Access to deficit markets is fairly unrestricted; retail investors can purchase government securities via auctions, the stock exchange, primary dealers or over-the-counter trade due at the BOM, while the public can access the market through primary dealers, banks and licensed stockbrokers. The derivatives market in Mauritius is rather developed, but trade volume remains small and consists mostly of interest rate and currency derivatives. Foreign exchange forwards with a maximum tenor of 12 months are traded and moderately liquid. Market activity is however expected to expand next the World Board of Trade Ltd. (GBOT) opened a multi-investment derivatives exchange in late 2010, on which a variety of African commodity and currency derivatives are offered.

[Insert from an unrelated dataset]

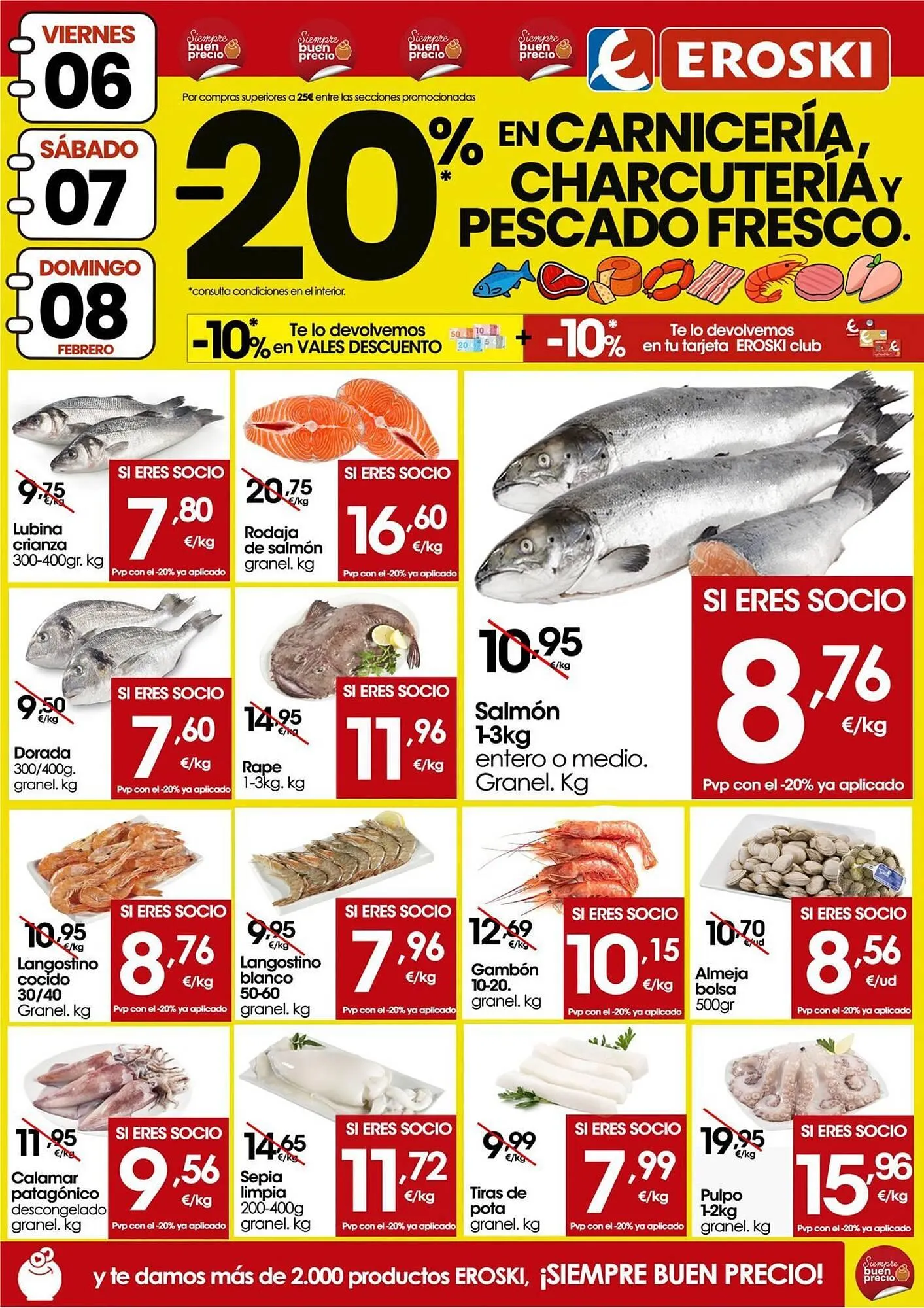 Catálogo de Folleto Eroski 5 de febrero al 8 de febrero 2026 - Página 8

Competition in the insurance sector has intensified in recent years, reflecting the fight for market share in the absence of large losses from cyclones. Premiums have fallen and some segments, such as motor insurance, presently enjoy significantly lower operating ratios. However, the sector remains highly concentrated, with the three major insurance groups accounting for around two-thirds of total industry assets. The current regulatory framework limits investment in overseas assets to 25 % of total assets for all insurance companies, with the exception of foreign life insurance and general insurance business firms which cannot engage in overseas investments.

Mauritius features a well developed multi-pillar pension system. Several public pensions' schemes operate in the country and are major participants in the government bond market. The majority notable of these, The National Pension Fund (NPF) had, according to new figures, assets equivalent to approximately 21 % of GDP. Over a thousand funded occupational pension schemes are as well present, and play an increasingly significant role in the fixed gain market.